The Lincoln Lawyer Season 3’s Hector Moya Twist turns an age-old legal debate

Warning: This article contains MAJOR SPOILERS for Lincoln Lawyer!



The Lincoln Lawyer‘s Hector Moya twist presents an age-old legal and moral debate in a fresh way that offers a different perspective on the issue. As a law-centric show, that’s no surprise The Lincoln Lawyer plays with questions of morality, philosophy and law. These three topics are inextricably linked. Any law is fundamentally created based on moral ideas of right and wrong, and their punishment comes down to philosophies of redemption, humanity, and rehabilitation. Almost all main characters in the The Lincoln Lawyer season 3 deals with a different internal conflict based on these topics.


Mickey struggles with whether his clients’ guilt matters to him. Andy struggles to ease his guilt over the actions of Scott Glass while out on a Cruz Waiver in The Lincoln Lawyerand believes she is guilty of Deborah Glass’s murder. The show also explores larger questions about humanity. One of the most striking examples comes in the form of an age-old debate about innocent and guilty people.


Hector Moya is guilty of crimes in the Lincoln lawyer (just not the one he’s accused of)

Hector Moya has committed at least eight murders

A common law-related moral debate is whether it is better to put an innocent person in prison or to acquit a guilty person by mistake. When the question is raised, it is generally in the context of an innocent defendant being found guilty during a trial. However, The Lincoln Lawyer reverses the angle. It turns out in a bigger twist, Hector Moya – an undoubtedly guilty man – did not commit the crime he is accused of.

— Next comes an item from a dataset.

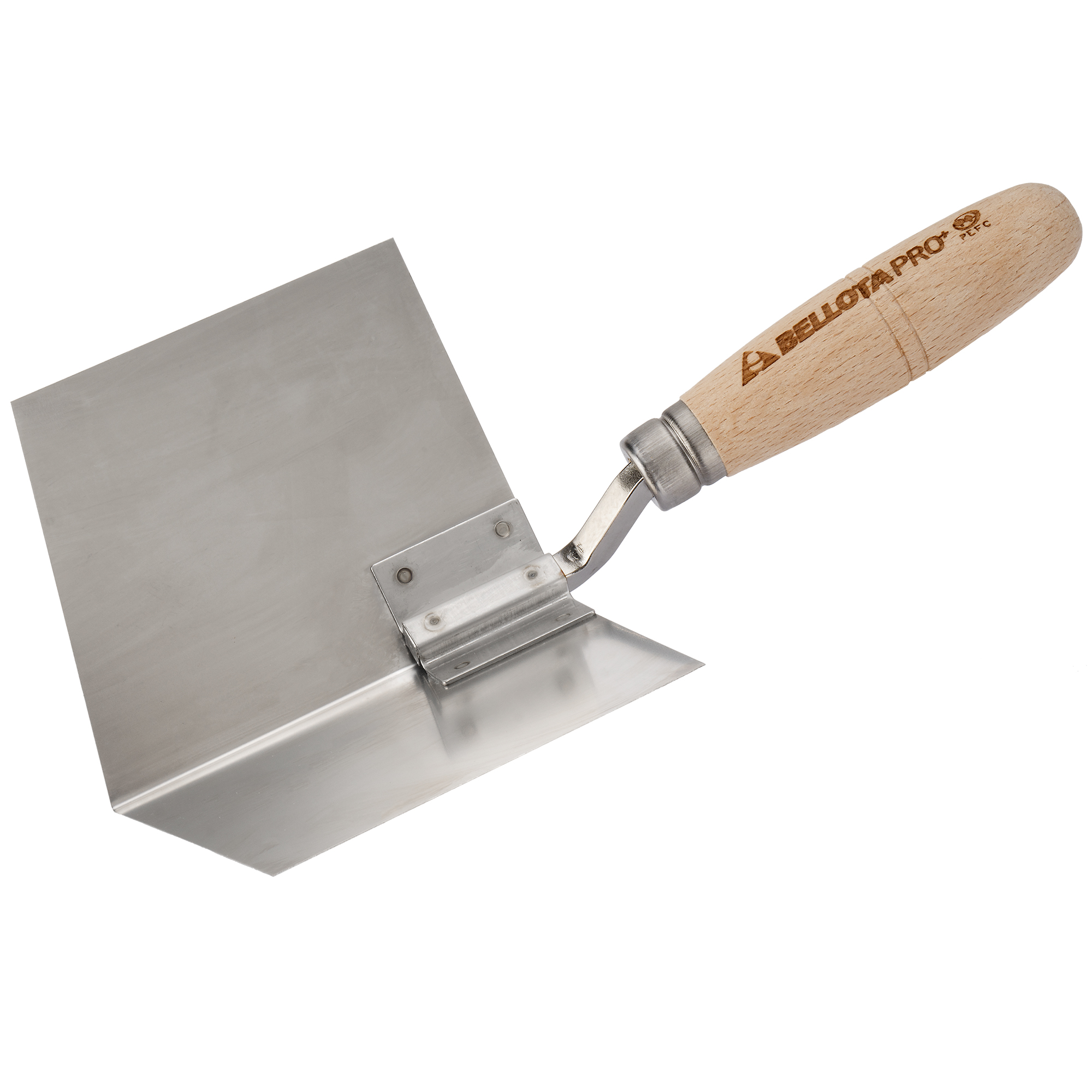 Espátula rincón de acero inoxidable / 5896R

The criminal justice system operates on Blackstone’s principle, which states that it is better for 10 guilty people to go free than for a single person to be punished for a crime they did not commit.

However, there is no doubt that Moya has committed several other dangerous and violent crimes. Because juveniles cannot be detained over 18, regardless of their crime in Mexico, the cartel uses them to kill rivals. At 16, Hector Moya confessed to murdering seven people, three of whom he also tortured and hanged, and another whom he left in the desert. He also murders Agent De Marco.

Related

Why Neil Bishop did it in the Lincoln Lawyer season 3 finale

Holt McCallany stars in The Lincoln Lawyer Season 3 in a key role as Neil Bishop, but the character’s role in the Glory Days trial is shocking.


He also runs a violent drug cartel responsible for producing, smuggling and distributing illegal and potentially lethal drugs. As such, Hector Moya is far from innocent overall. However, that does not change the fact that Agent De Marco framed Moya for the crime he was charged and convicted of, making him innocent in this case.

Was it the right decision to get Hector Moya out of prison?

Hector Moya’s other crimes make the issue of getting out more complicated

Hector Moya wears sunglasses and talks on the phone in The Lincoln Lawyer Season 3

To get Julian out of jail, Mickey must prove that Agent James De Marco convicted Hector Moya of the drug charges, the unregistered gun and the connected murders. The best chance for Julian to get out is for Mickey to prove Moya’s innocence. As a result, Hector Moya gets out of prison at the end of The Lincoln Lawyer Season 3 – a morally questionable outcome.


Ultimately, the law should apply to everyone equally, even despicable individuals like Moya.

On the one hand, he shouldn’t be in prison for a crime he didn’t commit. On the other hand, he spent only two years in prison for murdering seven people due to a legal loophole. The issue of Hector Moya coming out could challenge even the most ardent supporters of Blackstone’s relationship.

Related

The Lincoln Lawyer Season 3 review: Tightly focused story makes for Netflix series’ most compelling case

Lincoln Lawyer Season 3 offers a tightly-focused story about Mickey Haller’s most compelling case to date as the Netflix original takes a wild ride.


Ultimately, the law should apply to everyone equally, even despicable individuals like Moya. A wrongful conviction is a wrongful conviction. If a person did not commit the crime they are convicted of, they should be let out of prison. Dangerous things happen when we can pick and choose who the law applies to, so Mickey was right to help Hector Moya get out of prison in The Lincoln Lawyer.